De son côté, le camp Gbagbo s’active à rassurer les étrangers. En tournée samedi et dimanche à Yopougon et à Port-Bouët, Charles Blé Goudé, leader des jeunes patriotes et récemment nommé ministre de la Jeunesse du gouvernement Gbagbo a invité ses partisans à ne pas s’attaquer aux personnels des organisations internationales ni aux ressortissants et biens français.
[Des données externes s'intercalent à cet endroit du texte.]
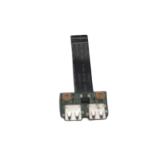 USB разъем для ноутбука HP 635 "!"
La menace des sanctions se précise
Pour Navi Pillay, les violations de droits de l’Homme observées ces derniers jours en Côte d’Ivoire ne sauraient restées impunies. « Lorsque des gens sont victimes de meurtres extrajudiciaires, il faut qu’il y ait une enquête, et certains doivent rendre des comptes», a-t-elle déclaré. Ce lundi, l’Union européenne a décidé de priver de visas d’entrée sur son territoire Laurent Gbagbo ainsi que 18 personnes de son entourage. La décision qui doit encore être approuvée d’ici mercredi par les 27 Etats-membres pourrait s’étendre au gel des avoirs personnels de Laurent Gbagbo à l’étranger. Dimanche soir, Michèle Alliot-Marie avait également évoqué le retrait de sa signature sur les comptes du pays. Jeudi dans un entretien à la télévision France 24, le procureur de la Cour pénale internationale (CPI), Luis Moreno-Ocampo a prévenu qu’il engagerait des poursuites contre quiconque serait responsable de violences meurtrières en Côte d’Ivoire. « S’ils commencent à tuer des gens, alors c’est un crime et nous engagerons des poursuites contre eux », a-t-il déclaré. Il a ajouté : «Nous n’avons choisi aucun camp dans cette affaire. Quiconque se rend coupable de cela (des crimes), quel que soit son bord, sera poursuivi.»
Dimanche à Paris, quelques centaines d’Ivoiriens ont manifesté en soutien à Laurent Gbagbo. La manifestation a dégénéré lorsque le groupe a fait face, Place de la République, à des partisans d’Alassane Ouattara. Plusieurs personnes ont été blessées.